Het is eigenlijk ook vernederend wat sommige partijen vragen van de minister. We zullen zo horen wat de heer Pechtold in zijn termijn allemaal te zeggen heeft, maar volgens D66-bronnen in Het Parool van gistermiddag eist D66 dat de minister zijn uitspraken terugneemt, dat hij excuses aanbiedt, dat hij zegt dat hij geen van zijn uitspraken meende en dat hij wél gelooft in de kracht van de multiculturele samenleving. Het zou een politieke castratie zijn als de minister daaraan zou toegeven. Ik hoop dat hij dat niet doet. Mijn fractie zal de minister in ieder geval niet met een motie van wantrouwen confronteren. Ik ben ervan overtuigd dat de heer Blok zei wat hij ook echt vond. Ik ben ervan overtuigd, wat hij straks ook zal zeggen, dat hij meende wat hij zei. Ik geloof ook dat hij dat nog steeds vindt. Toegegeven: hij heeft helaas geen ruggengraat. Hij heeft geen ruggengraat, maar hij heeft wel goede ideeën. Dus meneer Blok, als u nog eens ergens een ruggengraat te koop ziet, koop dat ding dan, installeer het snel en dan mag u zo op de lijst van de PVV.

Dank u wel.

De voorzitter:

Dank u wel. Dan geef ik het woord aan de heer Pechtold namens D66.

De heer Pechtold (D66):

Mevrouw de voorzitter. "In Nederland gaan individuele vrijheden en een hecht collectief hand in hand. Ons doel is om een sterk land nog beter te maken voor iedereen, nadrukkelijk ook voor mensen die nu het gevoel hebben dat de overheid er niet meer voor hen is." Deze twee zinnen staan op pagina 1 van het regeerakkoord van Rutte III, twee zinnen die alle bewindspersonen van dit kabinet niet alleen moeten lezen maar zich eigen moeten maken, diep van binnen ook moeten voelen en wat mij betreft ook in eigen bewoordingen moeten kunnen uitdragen. Ons land en onze identiteit worden gekenmerkt door openheid en respect. Hier kan iedereen het maken, hier kan iedereen zichzelf zijn, hier kan iedereen erbij horen en hier is volop ruimte voor verscheidenheid. Juist in tijden van Trump, Le Pen en Poetin moeten wij uitdragen dat tolerantie en diversiteit ons sterker maken, dat verscheidenheid ons verbindt in plaats van scheidt en dat ons buitenlandbeleid waardegedreven is. Daarom zijn de opmerkingen van minister Blok een bewindspersoon onwaardig, zeker voor een lid van dit kabinet, dat heeft vastgelegd er te willen zijn voor alle Nederlanders.

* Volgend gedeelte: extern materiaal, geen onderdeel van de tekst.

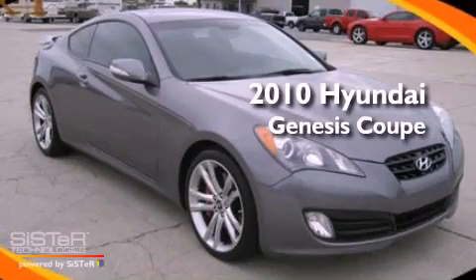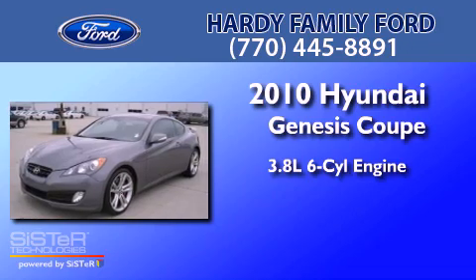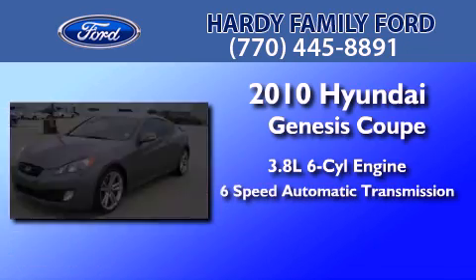This is a 2010 Hyundai Genesis Coupe. It features a 3.8-liter six-cylinder engine and a six-speed automatic transmission.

Voorzitter. Pijnlijk waren de uitspraken van minister Blok over een groot deel van de Nederlandse bevolking, en bizar, omdat genen — de blauwdruk van ieder mens — ons zouden verhinderen bindingen aan te gaan met ons onbekende mensen. Het was onthutsend dat de minister zei geen succesvolle multiculturele samenleving te kennen, en verre van diplomatiek tegenover Suriname en ons Koninkrijk. Het was schadelijk voor de asieldiscussie en onze positie ten opzichte van Oost-Europa.

Voorzitter. De minister van Buitenlandse Zaken is er niet om te prikkelen maar om te verbinden. De minister van Buitenlandse Zaken is er niet om ruzie te schoppen maar om goede relaties te onderhouden. De minister van Buitenlandse Zaken is er zeker niet om de kwetsbare vreedzaamheid van multi-etnische samenlevingen in twijfel te trekken. Hij is er om dat ideaal wereldwijd te bevorderen. En al hij dat niet kan, als hij dat niet wil of als hij daar niet in gelooft, als dat zo zou zijn, past hij niet in dat kabinet.

Er is al veel gereflecteerd, maar dit debat is er niet voor niets. Vandaag de samenhang. Ik heb vier vragen.

Neemt hij alle gewraakte uitspraken terug, niet alleen de slechte woordkeuze maar ook de inhoud van die woorden? Biedt hij daarvoor ook hier zijn excuses aan? Maakt hij duidelijk dat hij die uitspraken niet meent? Hoe verwoordt hij zelf, zelf, de kracht van onze multiculturele diverse samenleving namens dit kabinet en namens alle Nederlanders?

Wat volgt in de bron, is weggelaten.